Without naming names, I tell Jen what I’ve done. How I kept my son’s father out of his life, and now that I’ve brought him back in, I wish I hadn’t. I explain that I’ve learned some things about him that don’t sit comfortably with me, dangerous things, but that keeping him from our lives is going to be near impossible, bar emigrating. I say this with a brief smile, but she doesn’t return it. She knows I’m not joking. I’ve considered everything in the previous twenty-four hours since my conversation with Lauren, my head a whirlwind as it tried and failed to reconfigure the past and my recollections of Ty Bryn. If I thought emigrating would be the answer, a new life for me and Jake in another country, I’d book the flights. But it’s a crazy idea. It’s crazy because it’s a knee-jerk reaction. And not one I think will solve anything.
‘Alright, let’s start from the beginning so I’ve got the complete picture,’ Jen says, when I finish talking. She pulls a notepad and pen into the centre of the desk and reclines in her chair. ‘What were your reasons for not telling the father that Jake was his way back when you found out you were pregnant?’

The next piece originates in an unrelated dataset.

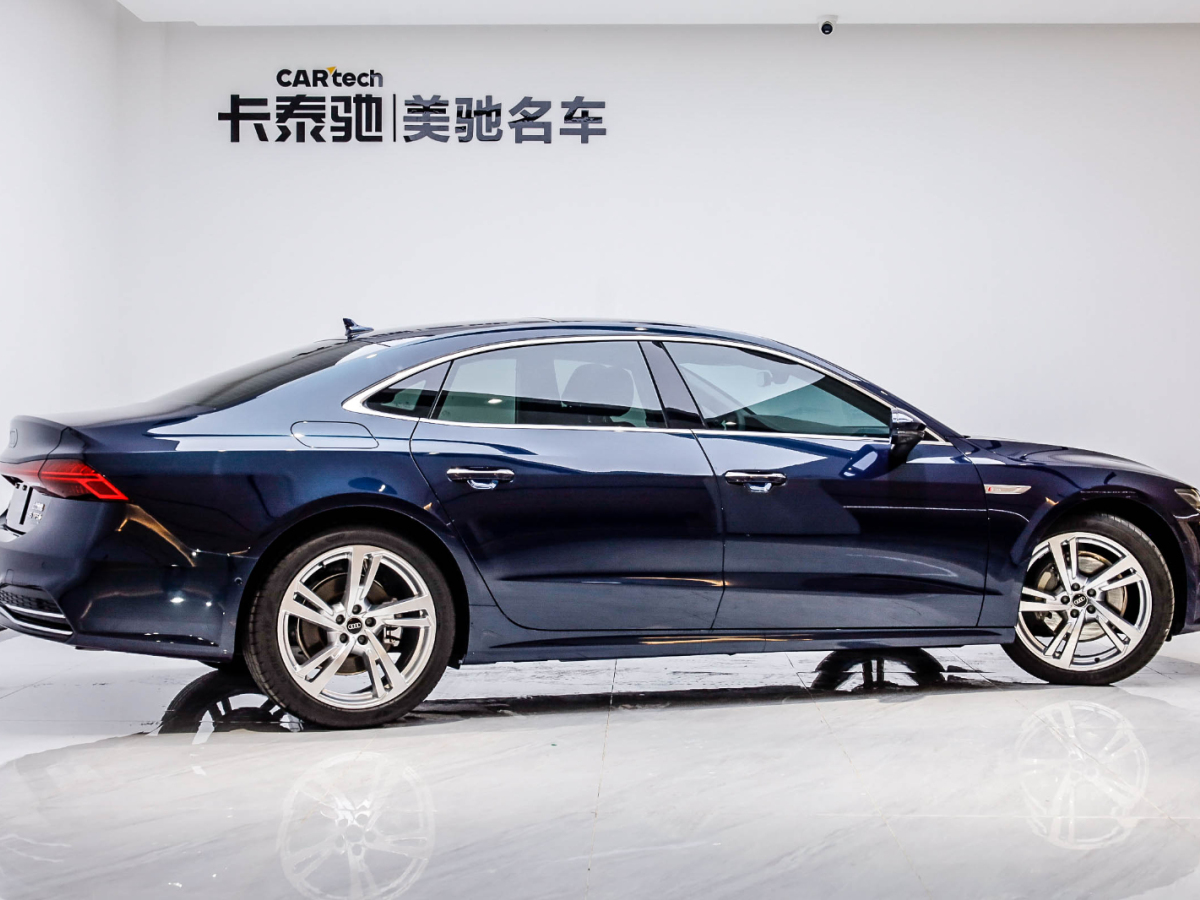 奥迪A7L 2024款 45TFSI quattro S-line 见远型 流晶套装图片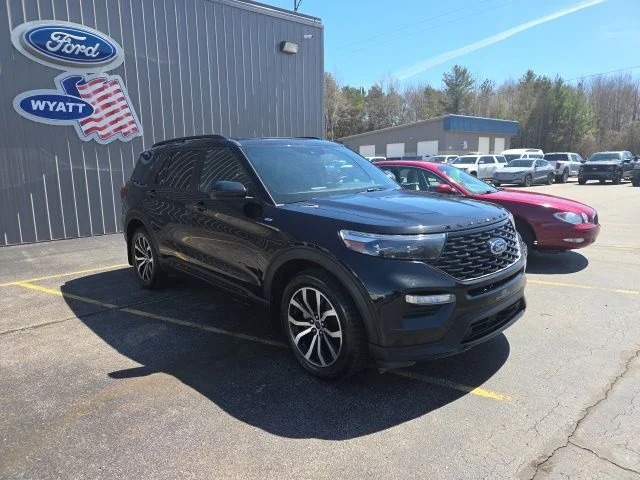 Used 2022 Black Ford ST-Line image 3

I look to my hands in my lap, twist the gold band on the index finger of my right hand, the one I’d slipped on this morning. Mam’s wedding ring.
‘Lots of reasons. The main one was his marriage.’ I cough to clear my throat, glance up at Jen, but her expression hasn’t changed as she jots this down on her notepad. She nods for me to go on. ‘His family, my family, I didn’t want to upset either. And it would have done, he’s older than me.’
‘And this would have been… Shaun was home by then, right?’
‘Yes, but not long home. He wasn’t in a good place. Then there was Mam…’
She gets this down on the notepad, then looks up. ‘So you’re young, vulnerable, confused, shocked to find out you’re pregnant. You’re concerned about disrupting two families. Yours was already under tremendous strain. All understandable reasons for keeping something to yourself, even if not strictly ethical. How did you think the father would feel if you told him? Back then, how did you think he’d react?’